* _Material provided_
▼

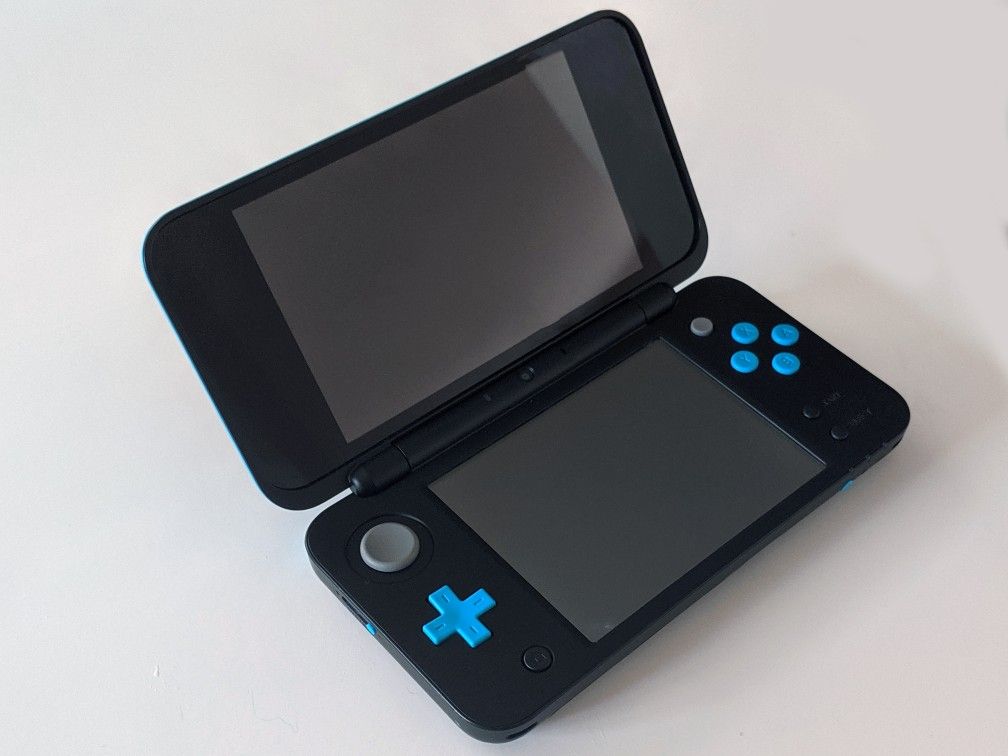 Nintendo 2DS XL Blue, $25 GameStop Giftcard, 1 Case, and Games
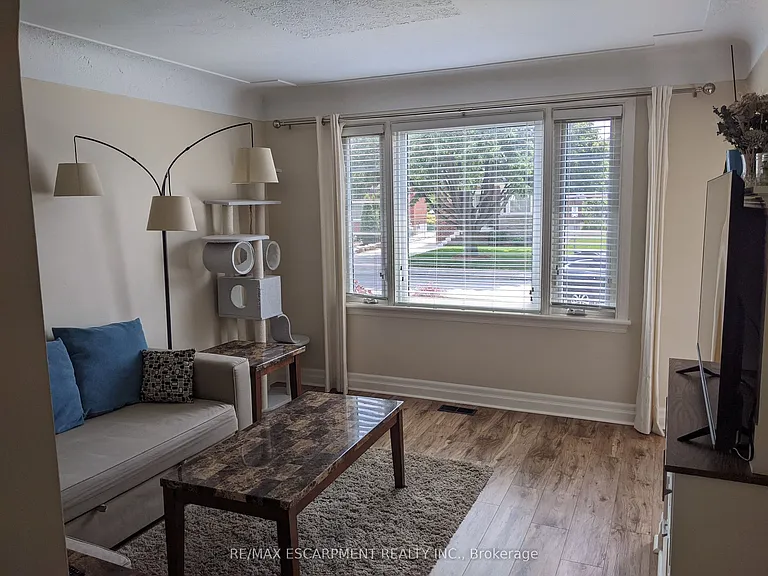 257 Dundonald Ave — Photo 2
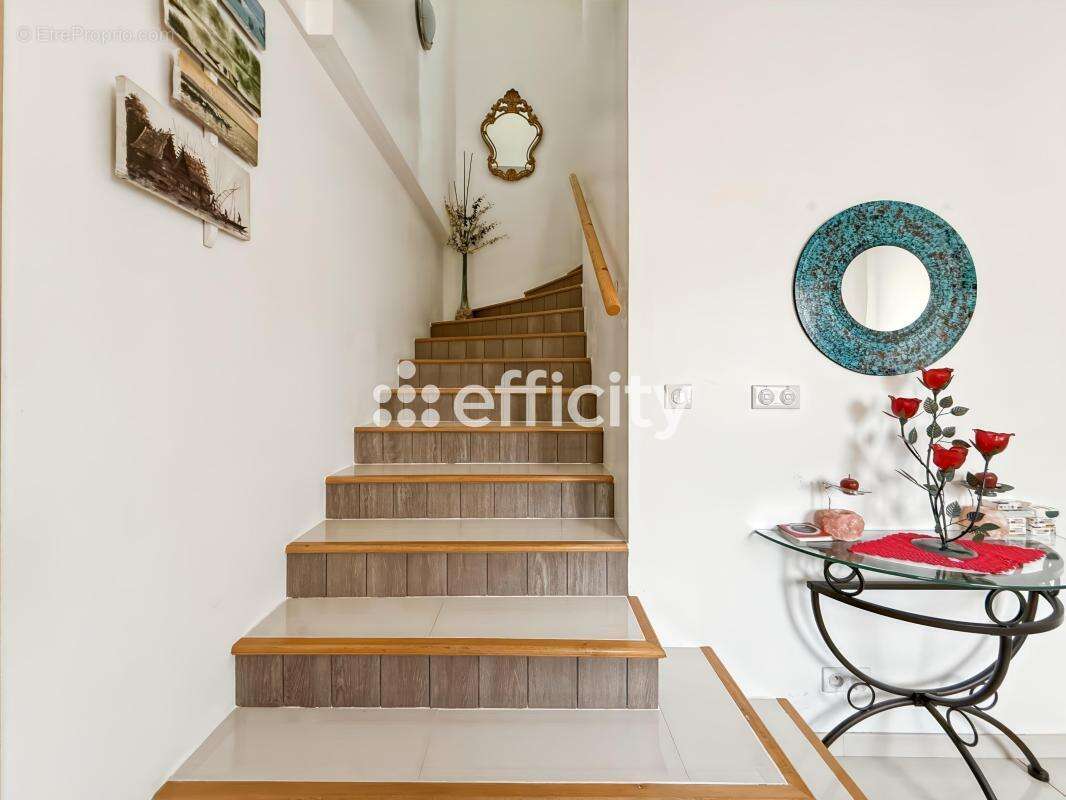 Maison 149 m² à Saint-Regle  - photo 18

▲

* _Task requirements_
Could you reproduce all of the data above exactly and skip any image?

* _Response to this exercise_
 Nintendo 2DS XL Blue, $25 GameStop Giftcard, 1 Case, and Games
 257 Dundonald Ave — Photo 2
 Maison 149 m² à Saint-Regle  - photo 18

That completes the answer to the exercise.